Though Queen Elizabeth II actually turned 90 on April 21st, this coming weekend is when the big party really happens. Her Majesty’s official birthday festivities include a Service of Thanksgiving at St Paul's Cathedral and the Trooping of the Colour, also known as the Queen’s Birthday Parade.
The merriment culminates on Sunday with a giant street party on The Mall with 10,000 guests eating a picnic lunch and being entertained by street performers and circus acts. Named the Patron’s Lunch, this event recognizes the Queen’s patronage of over 600 charities. In addition local street parties have been organized all over the UK to celebrate the monarch’s entry into her ninth decade.
Unfortunately most of us will not be attending any of these historic commemorations. Therefore, I put together a series of video film and television portrayals as a tribute of sorts to the longest reigning monarch in British history. It’s nothing like being at one of these events, but it’s what I do so please enjoy!

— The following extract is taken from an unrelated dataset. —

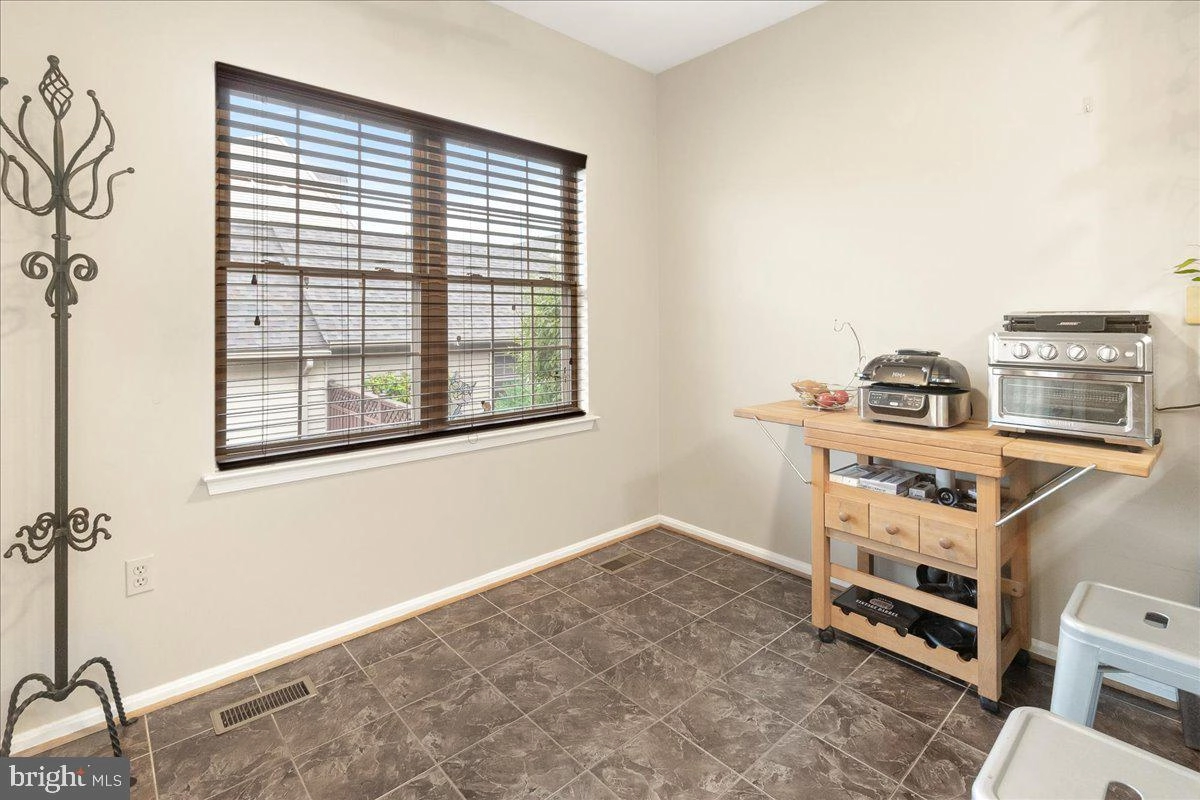 2238 Bear Den Rd, Frederick, MD 21701 photo 12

The King’s Speech . This 2010 Oscar winner gave us insight not only into King George VI’s struggles with a debilitating stutter, but also into his family life with his wife and two beloved young daughters. In this clip we see a young Princess Elizabeth (Freya Wilson) already comprehending her family’s unique circumstances and responsibilities.

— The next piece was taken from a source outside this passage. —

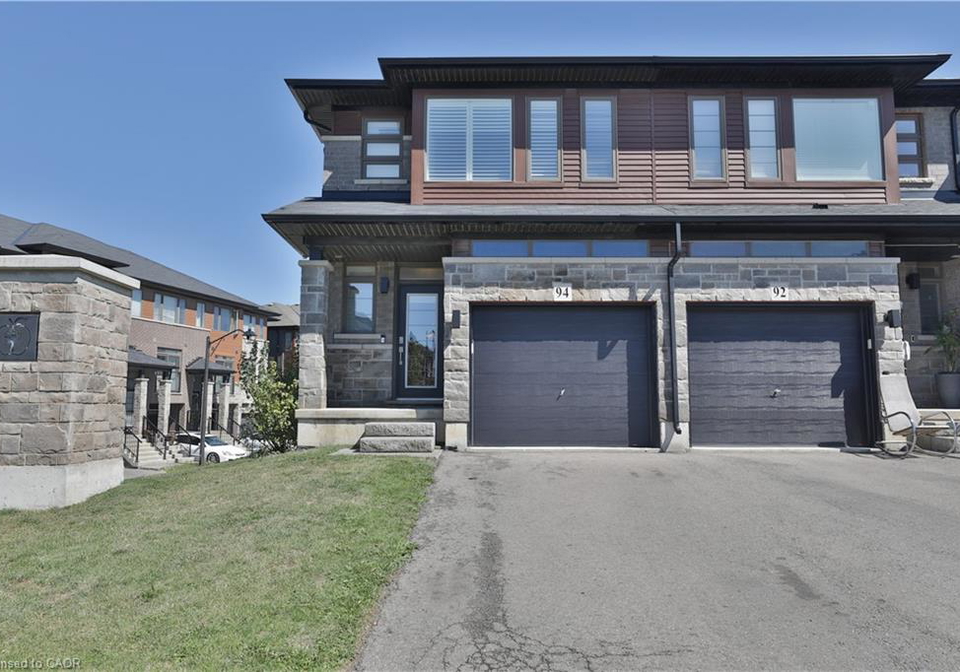 94-soho-street-stoney-creek-ontario-40766004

The Crown. Though this Netflix series won’t air until November 2016, it examines a rarely dramatized but important era in the Queen’s life. This ten-part series begins with a 25 year old Elizabeth (Claire Foy) as she is about to assume the throne. The private side of her early years as a wife, mother and monarch are depicted with candor, particularly her relationship with her husband Philip (Matt Smith) and Winston Churchill (John Lithgow).
The Queen. A more familiar screen portrayal of Elizabeth II is Helen Mirren’s Oscar-winning turn as the monarch during the tragic period after Princess Diana’s death. By this point in her reign, the Queen is an old hand at the traditions and duties of her position. However, she finds she has much to learn about the human side the British public expects to see from her.

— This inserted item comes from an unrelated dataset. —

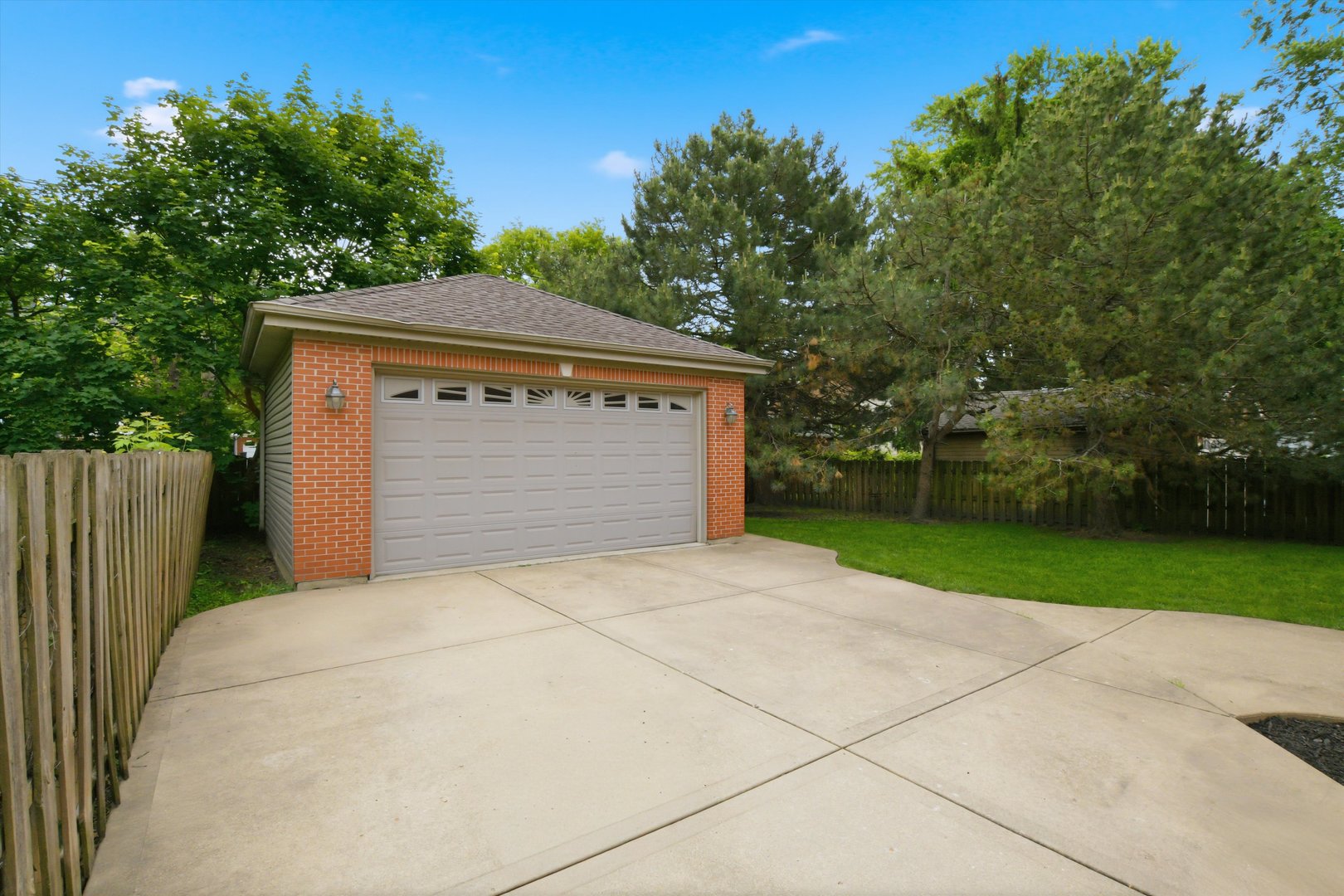 1825 S Fairview Avenue, Park Ridge, IL 60068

While the clips above are of a biographical nature, the ones to follow display the extent to which Queen Elizabeth II is a cultural icon.
Doctor Who. Besides the Queen herself, could there be a more recognizable symbol of Britishness than the Doctor? After all, he’s been on the telly almost as long as she’s been on the throne.
In the 2007 Christmas special episode ‘The Voyage of the Damned’, the Queen (voiced by Jessica Martin) thanks the Doctor for saving her and her adorable corgis from yet another yuletide disaster.
Minions. Her Majesty is also not a stranger to being portrayed as an animated character. From South Park and Robot Chicken to The Simpsons and Family Guy, this world famous monarch has been the subject of many an American parody. And in her homeland, the Queen and her family were consistently lampooned by the 80’s and 90’s British puppet show satire, Spitting Image.
Most recently, a younger 1960’s version of Elizabeth was immortalized in a computer-animated feature about little yellow groupies who feel compelled to follow super villains. Voiced by Jennifer Saunders, this feisty sovereign was not about to become a kidnapping victim without putting up a rather raucous fight.
The Olympic Opening Ceremonies with James Bond. The Queen is no stranger to the camera; her televised Christmas Day speeches alone number well over fifty. However, the 2012 London Olympic opening ceremonies marked her acting debut. Not many starlets can boast of an Oscar-winning director (Danny Boyle) and a suave co-star (Daniel Craig) on their first screen credit!
I hope you’ve enjoyed this sampling of the Queen’s moments on screen. Royal musings are encouraged in the comments section below as well as partaking in a bit of sponge cake and tea to celebrate HM’s 90th!